The proponents of an idea, as a rule, explain its non-acceptance differently than do the critics and opponents. Being myself much involved, it seems to me that the resistance met in the 18th century by Giambattista Vico, the first true constructivist, and by Silvio Ceccato and Jean Piaget in the more recent past, is not so much due to inconsistencies or gaps in their argumentation, as to the justifiable suspicion that constructivism intends to undermine too large a part of the traditional view of the world. Indeed, one need not enter very far into constructivist thought to realize that it inevitably leads to the contention that man — and man alone — is responsible for his thinking, his knowledge and, therefore, also for what he does. Today, when behaviorists are still intent on pushing all responsibility into the environment, and sociobiologists are trying to place much of it into genes, a doctrine may well seem uncomfortable if it suggests that we have no one but ourselves to thank for the world in which we appear to be living. That is precisely what constructivism intends to say — but it says a good deal more. We build that world for the most part unawares, simply because we do not know how we do it. That ignorance is quite unnecessary. Radical constructivism maintains — not unlike Kant in his Critique — that the operations by means of which we assemble our experiential world can be explored, and that an awareness of this operating (which Ceccato in Italian so nicely called consapevolezza operativa) [2] can help us do it differently and, perhaps, better.

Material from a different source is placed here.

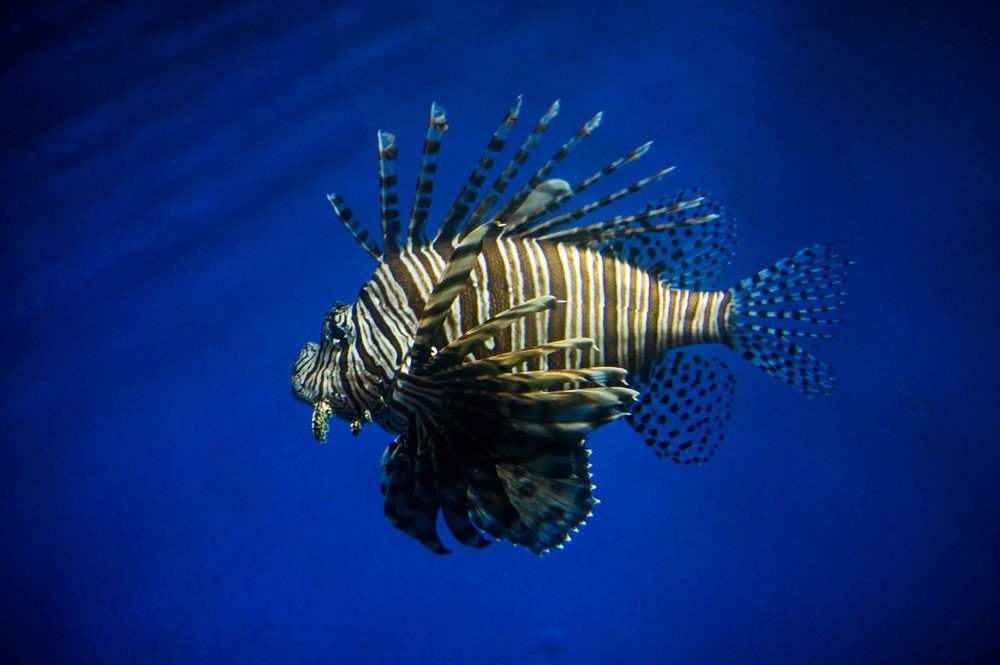 Photograph by Дмитрий Влизько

This introduction, I repeat, will be limited to the exposition of a few aspects. The first section deals with the relation between knowledge and that "absolute" reality that is supposed to be independent of all experience, and I shall try to show that our knowledge can never be interpreted as a picture or representation of that real world, but only as a key that unlocks possible paths for us (see Alcmaeon’s fragment).

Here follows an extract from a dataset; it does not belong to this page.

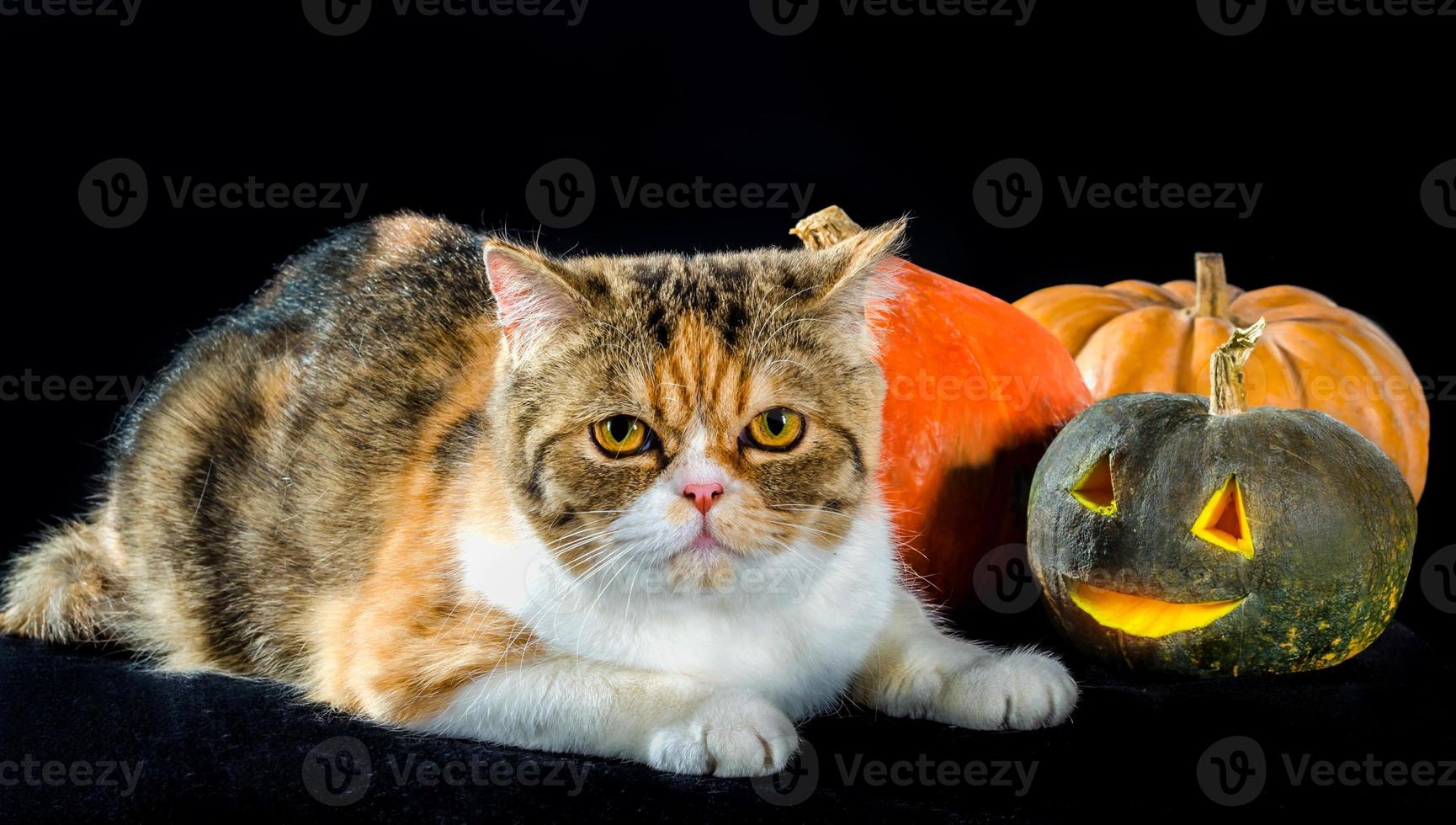 gato com decoração de halloween foto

The second section outlines the beginnings of skepticism and Kant’s insight that, because our ways of experiencing are what they are, we cannot possibly conceive of an unexperienced world; it then presents some aspects of Vico’s constructivist thought. The third section explicates some of the main traits of the constructivist analysis of concepts. Some of the many ideas I have taken over from Piaget as well as from Ceccato will be outlined and only sparsely supported by quotations. Piaget’s work has greatly influenced and encouraged me during the 1970s, and before that, the collaboration with Ceccato had provided direction and innumerable insights to my thinking. But for constructivists, all communication and all understanding are a matter of interpretive construction on the part of the experiencing subject and, therefore, in the last analysis, I alone can take the responsibility for what is being said on these pages.
The history of philosophy is a tangle of isms. Idealism, rationalism, nominalism, realism, skepticism, and dozens more have battled with one another more or less vigorously and continuously during the 25 centuries since the first written evidence of Western thought.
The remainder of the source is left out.